NEI <- readRDS("summarySCC_PM25.rds")
SCC <- readRDS("Source_Classification_Code.rds")
as long as each of those files is in your current working directory (check by calling dir() and see if those files are in the listing).
The overall goal of this assignment is to explore the National Emissions Inventory database and see what it say about fine particulate matter pollution in the United states over the 10-year period 1999-2008. You may use any R package you want to support your analysis.
Fine particulate matter (PM2.5) is an ambient air pollutant for which there is strong evidence that it is harmful to human health. In the United States, the Environmental Protection Agency (EPA) is tasked with setting national ambient air quality standards for fine PM and for tracking the emissions of this pollutant into the atmosphere. Approximatly every 3 years, the EPA releases its database on emissions of PM2.5. This database is known as the National Emissions Inventory (NEI). You can read more information about the NEI at the EPA National Emissions Inventory web site.
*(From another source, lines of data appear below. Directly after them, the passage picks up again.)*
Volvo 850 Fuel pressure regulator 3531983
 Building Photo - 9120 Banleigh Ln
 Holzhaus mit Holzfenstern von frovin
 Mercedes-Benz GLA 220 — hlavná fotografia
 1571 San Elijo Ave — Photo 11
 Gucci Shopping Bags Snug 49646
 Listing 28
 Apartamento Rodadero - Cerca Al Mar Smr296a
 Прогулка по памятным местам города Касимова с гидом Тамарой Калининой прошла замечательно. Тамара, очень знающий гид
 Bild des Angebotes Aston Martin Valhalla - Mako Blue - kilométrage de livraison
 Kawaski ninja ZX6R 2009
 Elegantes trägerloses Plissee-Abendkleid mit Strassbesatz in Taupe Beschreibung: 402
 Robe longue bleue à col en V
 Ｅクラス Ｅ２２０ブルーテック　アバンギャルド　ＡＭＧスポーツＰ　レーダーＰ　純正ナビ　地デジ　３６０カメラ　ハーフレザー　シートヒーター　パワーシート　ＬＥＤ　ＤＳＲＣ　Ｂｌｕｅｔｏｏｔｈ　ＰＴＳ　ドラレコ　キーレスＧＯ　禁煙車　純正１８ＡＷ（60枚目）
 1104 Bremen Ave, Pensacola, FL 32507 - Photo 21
For each year and for each type of PM source, the NEI records how many tons of PM2.5 were emitted from that source over the course of the entire year. The data used are for 1999, 2002, 2005, and 2008.
The first step is to maker sure the data file is downloaded and extracted
# Download archive file, if it does not exist
if(!(file.exists("summarySCC_PM25.rds") &&
file.exists("Source_Classification_Code.rds"))) {
archiveFile <- "NEI_data.zip"
if(!file.exists(archiveFile)) {
archiveURL <- "https://d396qusza40orc.cloudfront.net/exdata%2Fdata%2FNEI_data.zip"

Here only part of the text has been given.